O my love bring me the flowers from Bajaur so that I can dress my hair with them. It is a popular Pashto song and an indication of the wild flowers which nomadic women loved so much.
The legendary Bajaur at the foothill of Kemor mountain, was lush green with strong people who fought with the invaders through the centuries. In 328 BC, at the foot of the same mountain Alexander of Mecedonia found the ancient city of Nysa, believed by the Greeks to have been founded by Dionysus, the god of wine. Legend says that his soldiers prayed , celebrated and got drunk at this place. Alexander’s historian Arrian wrote about the place as a stronghold of the warlike Aspasioi people. Later the tribal people of Bajaur also known as Ashvakas ( people with horses) and some called them Kamboja.

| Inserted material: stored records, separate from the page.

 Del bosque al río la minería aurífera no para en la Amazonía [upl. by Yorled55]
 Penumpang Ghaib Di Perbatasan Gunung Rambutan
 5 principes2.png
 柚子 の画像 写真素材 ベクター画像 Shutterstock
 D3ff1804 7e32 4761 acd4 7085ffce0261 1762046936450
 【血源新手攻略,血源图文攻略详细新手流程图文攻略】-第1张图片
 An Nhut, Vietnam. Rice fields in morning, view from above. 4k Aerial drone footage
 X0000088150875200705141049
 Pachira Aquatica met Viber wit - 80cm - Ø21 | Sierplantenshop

Approximately a 100 years later, this area was part of the Asoka dynesty. The King thought it wise to bestow autonomy on the same bold people of Bajaur and give eminent place in his Rock Edict of Shahbaz Garrah. However, a centuary later Bajaur like many other parts of Gandhara went into anonymity.
There are some clues that Bajaur was the centre of Apraca Kingdom from the 1st Century AD and was ruled by a small dynasty of the rajas believed to have been important allies of Kharaosta King based in Mathura. The Kharoshti script was probably evolved at that time and also gave the name to its capital, “Khaar”
In the last decade of the 20th Century an “Inscribed Buddhist Reliquary” was found from Shinkot in Bajaur which revealed a few names of the Royal family from that period. It is a silver cup with a lid, believed to be originally made in Taxila. From the dates mentioned on it, is calculated between 80 to 90th year of the 1st Century with inscriptions in Kharoshti and Prakrit scripts. The vessel was used by Apraca king Indravarman to enshrine Buddhist relics in a stüpa in Bajaur. Another reliquary, a schist jar, with Kharoshti inscription refers to the same King.
In 1999, a hoard of manuscripts written in Gandhari language was found in the ruins of a monastery in Bajaur. All of them were preserved and read by the Archaeologists in Peshawar. The manuscripts helped in making a dictionary of Gandhari Language.
Just before the Islamic period little information is avaialable for historians, except that it once belonged to the Kingdom of Kapisa. Bajaur remained a route for invaders of Central Asia and in 16thC. Mughal Babur crossed Kemor, faced resistance by the fortified people of this area. He massacred thousands in the strong Fort Gabar of Bajaur. The whole male inhabitants 3000 in number including their chiefs were cruelly put to the sword and a keeping up with the Mughal tradition, piled up their heads to make a victory minaret. The women and children were taken as slaves. He was helped by Dilazak tribal chiefs who served him as guides and directed his vengeance against their deadly enemies theYusufzais. At this time the Sultan of Swat and the Yusufzais sent their envoys to appease the Mughal King. Subsequently, the daughter of Shah Mansoor was exchanged in marriage for peace. Leaving Shah Mansur’s daughter in Bajaur, Babur crossed River Swat and rode towards “Maqam” (Mardan).
Bajaur is inhabited by a number of clans of Tarkalanri tribe, i.e Loi and Wur Mamund, Gigiani, Salarzai. To the south of Bajour is the wild mountain district of the Mohmands. To the east, beyond the Panjkora river, are the hills of Swat, dominated by another Pathan group. To the north is an intervening watershed between Bajour and the small state of Dir and it is over this watershed and through the valley of Dir that the new road from Malakand and the Punjab runs to Chitral.
The drainage of Bajour hills flows eastwards, starting from the eastern slopes of the dividing ridge which overlooks the Kunar and terminating in the Panjkora river. The drainage has given the name Nawagai (drainage in Pashto) to another chief town of Bajour. It is the smallest of the Federally Administered Tribal Agencies and strategically important region on the Afghan border with a non ending conflict.
Its beautiful green trees were chopped by the government so that the insurgents don’t use them as hiding places. People living here are killed but there are no Skull minarets because it is 21st century now and the Schist Jar found in Bajaur is in the Metropolitan Museum of Art, New York.